» What the task requires: What is needed is an exact copy of the data below, pictures excluded.
# # #
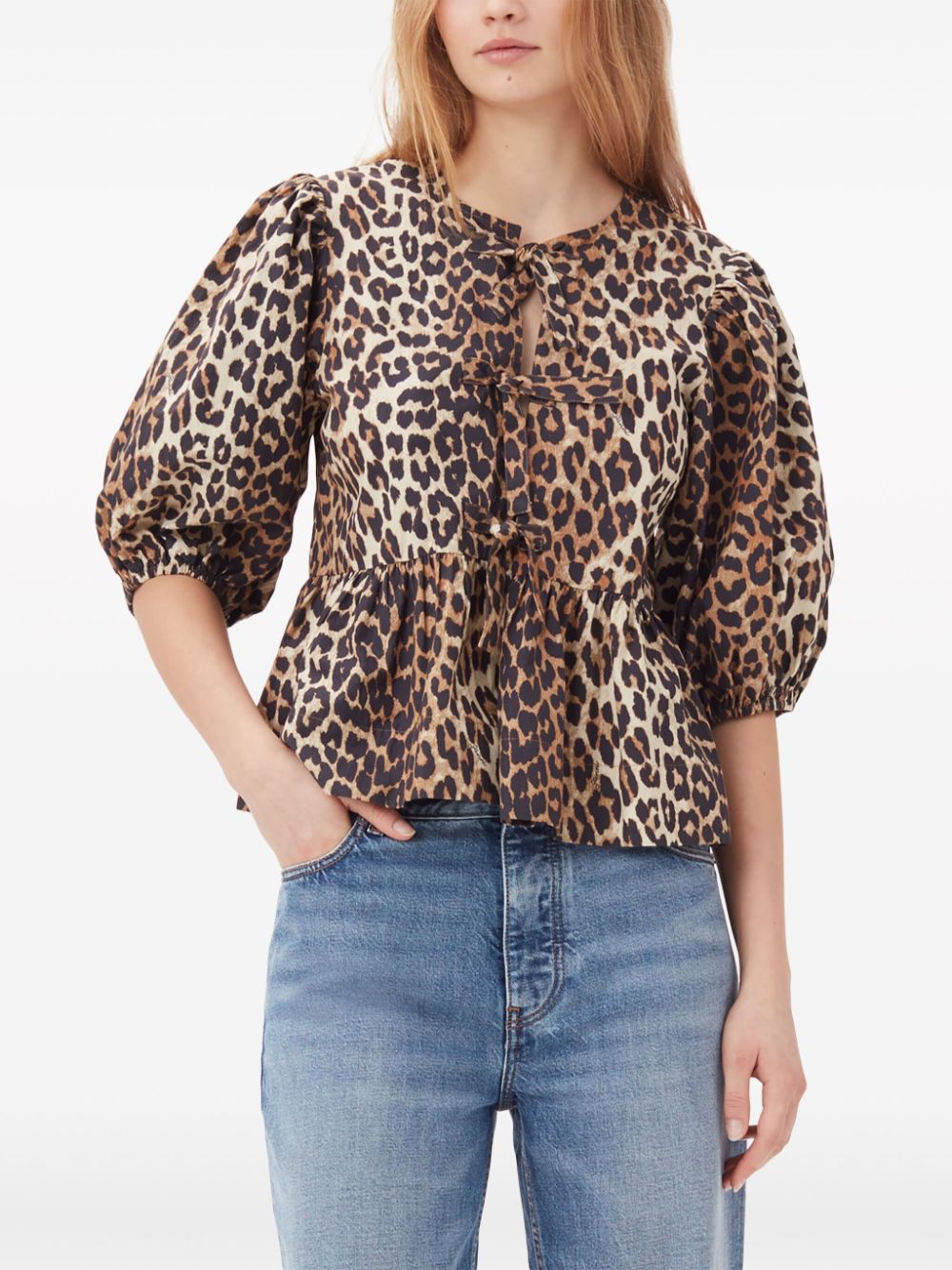 Ganni Ganni Conscious Criteria page Organic cotton peplum top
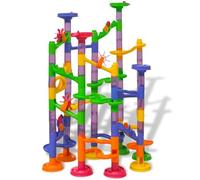 Mangloder Piste à billes Jouet de construction pour enfants à partir de 3 ans avec 112 pièces, rails colorés, courbes, entonnoir, spirale, tunnel, pont, tour, toboggan, idéal pour la créativité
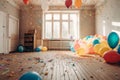 Festive panorama party with colorful balloons, confetti and coiled streamers AI generated Royalty Free Stock Photo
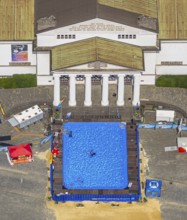 Aerial view, swimming pool in front of the municipal theatre, old town, Duisburg, Ruhr area, North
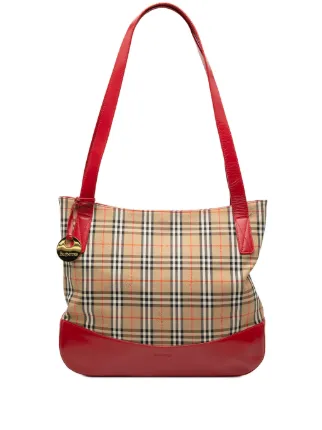 Burberry 未使用　赤　チェック　トートバッグ Burberry Pre-Owned 2000-2026 ヘイマーケット チェック キャンバス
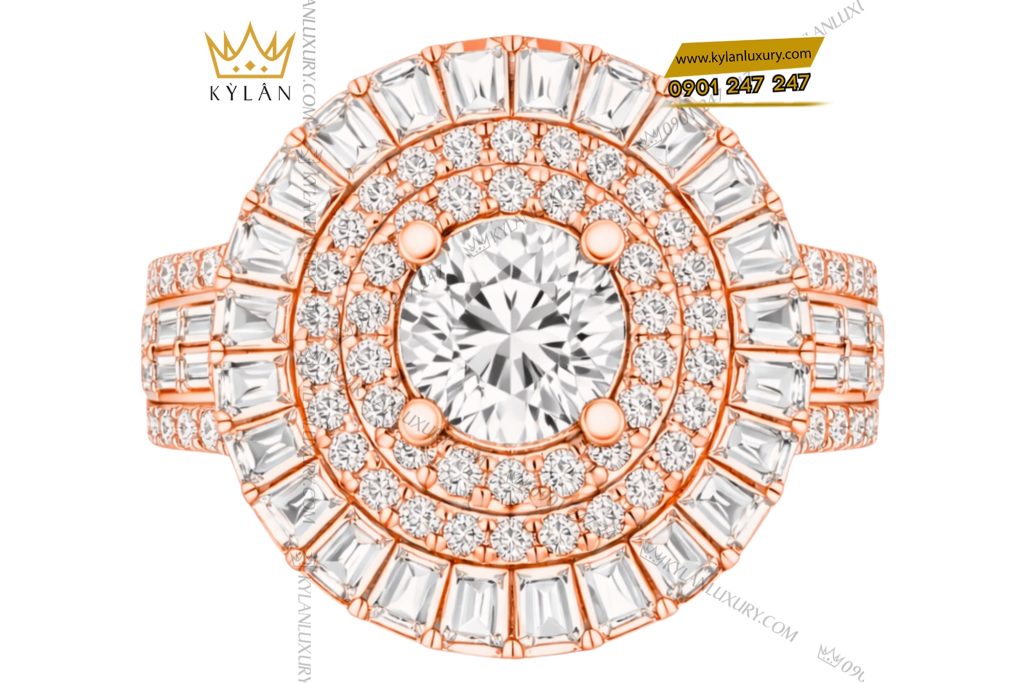 Nhẫn nữ vàng hồng Au750 đính kim cương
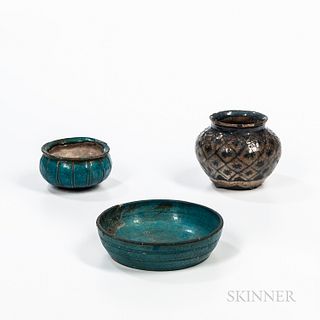 Three Islamic Glazed Stoneware Items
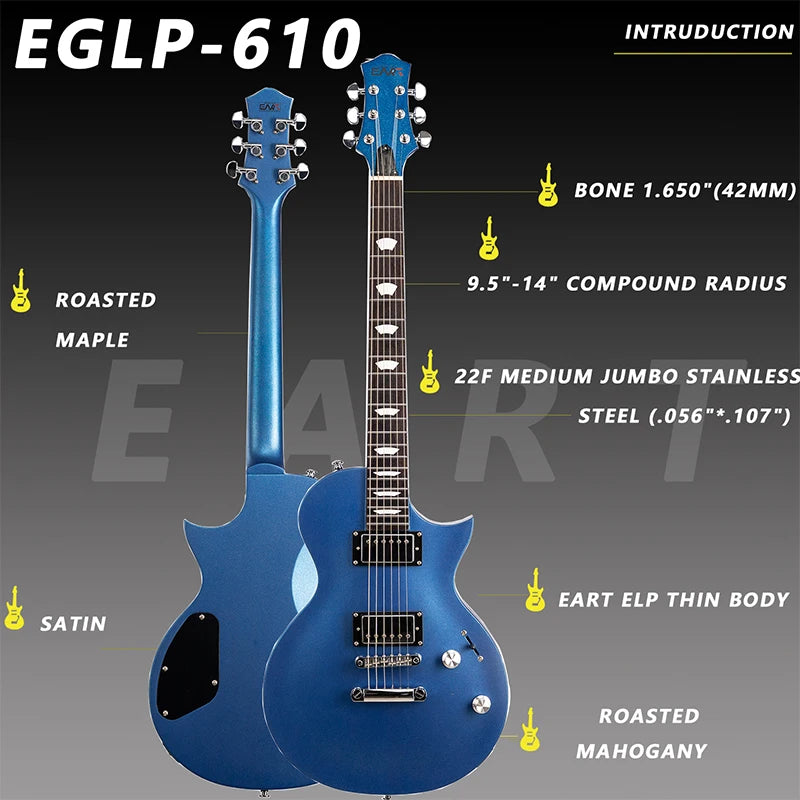 EART Electric Guitar EGLP-610 Roasted Mahogany Body Wood Set In Joint Stainless Steel 22F  India Rosewood Fingerboard Guitar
# # #
» Answer box:
 Ganni Ganni Conscious Criteria page Organic cotton peplum top
 Mangloder Piste à billes Jouet de construction pour enfants à partir de 3 ans avec 112 pièces, rails colorés, courbes, entonnoir, spirale, tunnel, pont, tour, toboggan, idéal pour la créativité
 Festive panorama party with colorful balloons, confetti and coiled streamers AI generated Royalty Free Stock Photo
 Aerial view, swimming pool in front of the municipal theatre, old town, Duisburg, Ruhr area, North
 Burberry 未使用　赤　チェック　トートバッグ Burberry Pre-Owned 2000-2026 ヘイマーケット チェック キャンバス
 Nhẫn nữ vàng hồng Au750 đính kim cương
 Three Islamic Glazed Stoneware Items
 EART Electric Guitar EGLP-610 Roasted Mahogany Body Wood Set In Joint Stainless Steel 22F  India Rosewood Fingerboard Guitar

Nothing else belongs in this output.